▸ EXERCISE GOAL
Find the line below with "SWATCH Quartz Movement" and the line with "Gezicht op de". Output them and the lines between, exactly, but not the pictures.

▸ DATA LISTING
..............................
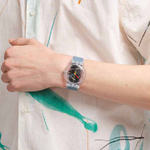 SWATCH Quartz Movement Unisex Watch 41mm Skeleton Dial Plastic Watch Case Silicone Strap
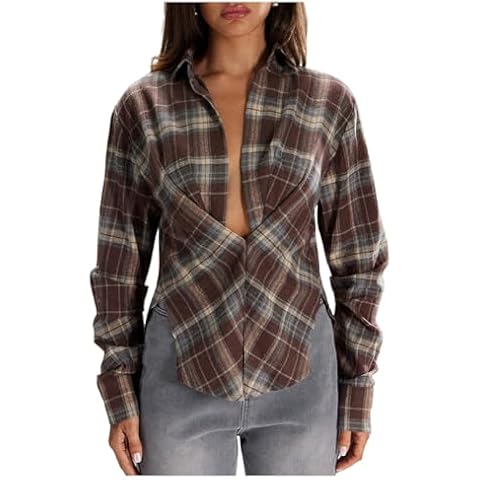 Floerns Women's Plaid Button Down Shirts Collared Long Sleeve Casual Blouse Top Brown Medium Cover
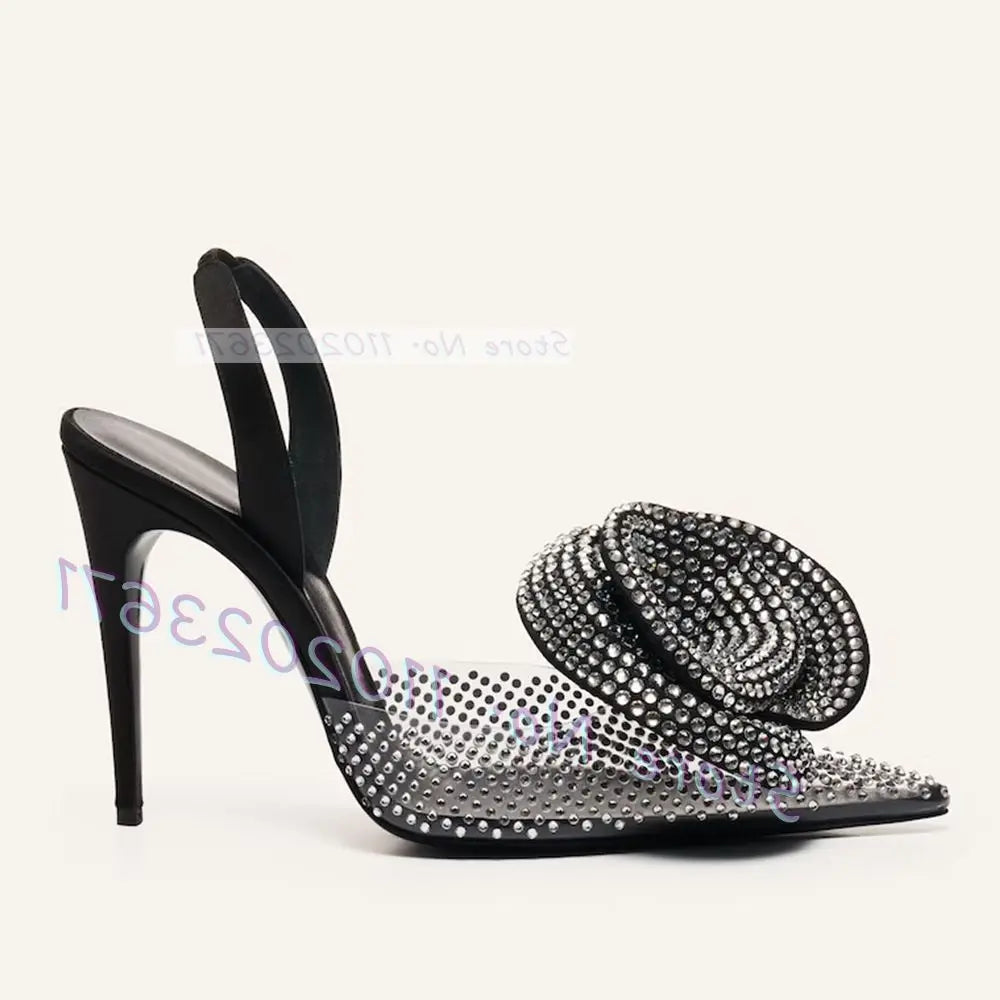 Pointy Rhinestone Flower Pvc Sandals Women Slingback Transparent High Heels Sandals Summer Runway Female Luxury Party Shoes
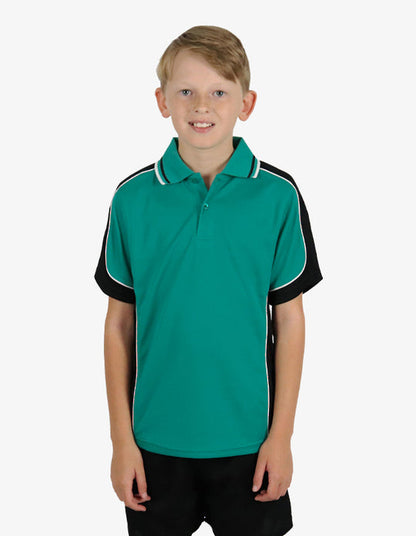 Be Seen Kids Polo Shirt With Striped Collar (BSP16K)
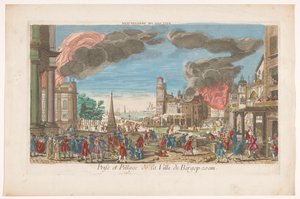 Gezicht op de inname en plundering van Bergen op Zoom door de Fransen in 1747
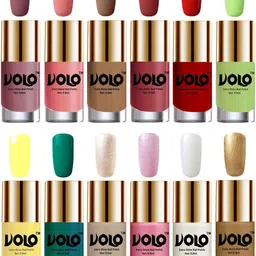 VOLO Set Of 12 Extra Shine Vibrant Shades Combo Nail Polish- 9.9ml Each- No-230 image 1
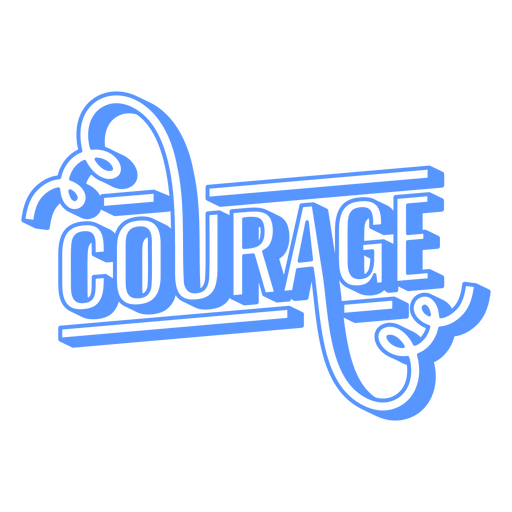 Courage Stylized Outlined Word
..............................
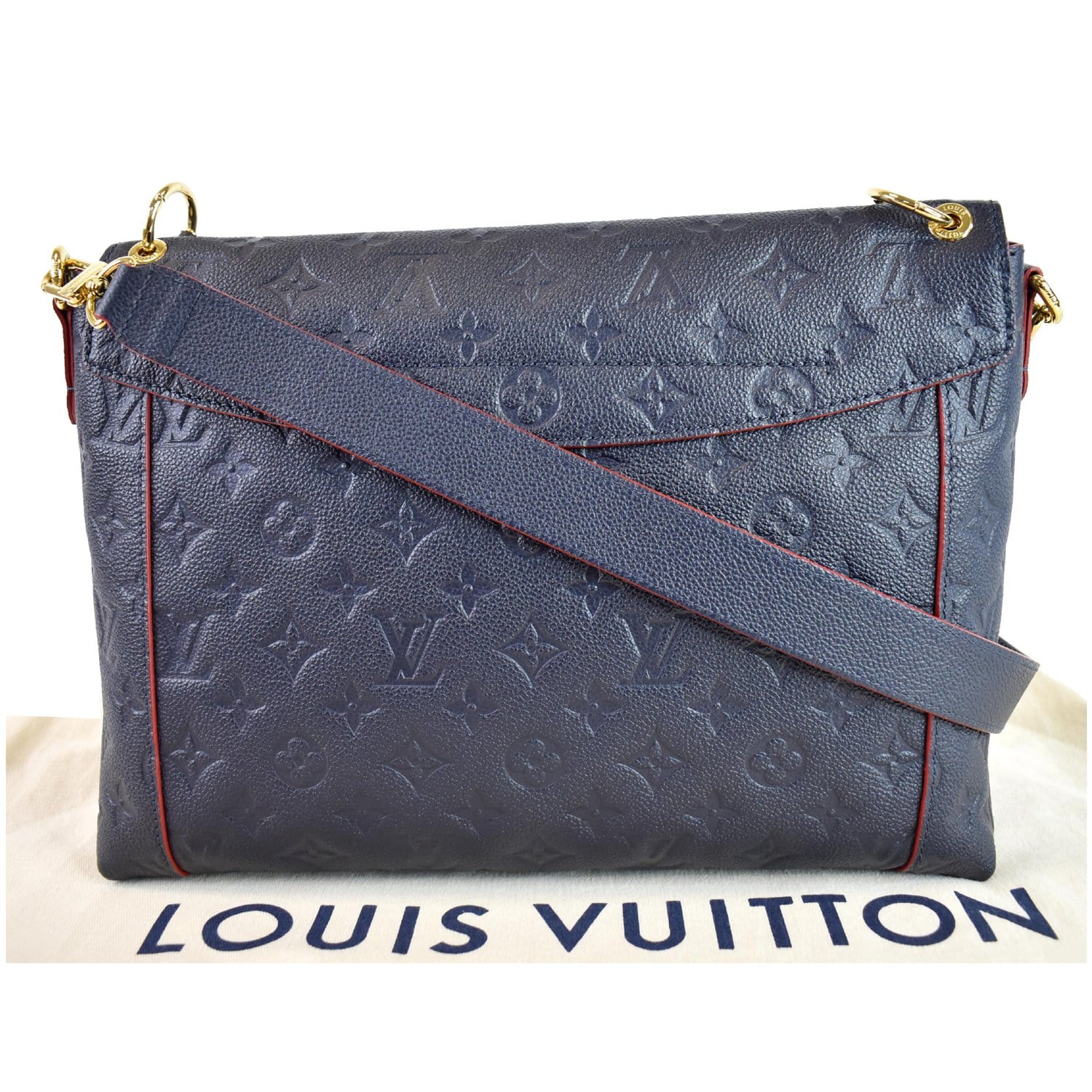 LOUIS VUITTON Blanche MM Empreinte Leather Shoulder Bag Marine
..............................
▸ RESPONSE
 SWATCH Quartz Movement Unisex Watch 41mm Skeleton Dial Plastic Watch Case Silicone Strap
 Floerns Women's Plaid Button Down Shirts Collared Long Sleeve Casual Blouse Top Brown Medium Cover
 Pointy Rhinestone Flower Pvc Sandals Women Slingback Transparent High Heels Sandals Summer Runway Female Luxury Party Shoes
 Be Seen Kids Polo Shirt With Striped Collar (BSP16K)
 Gezicht op de inname en plundering van Bergen op Zoom door de Fransen in 1747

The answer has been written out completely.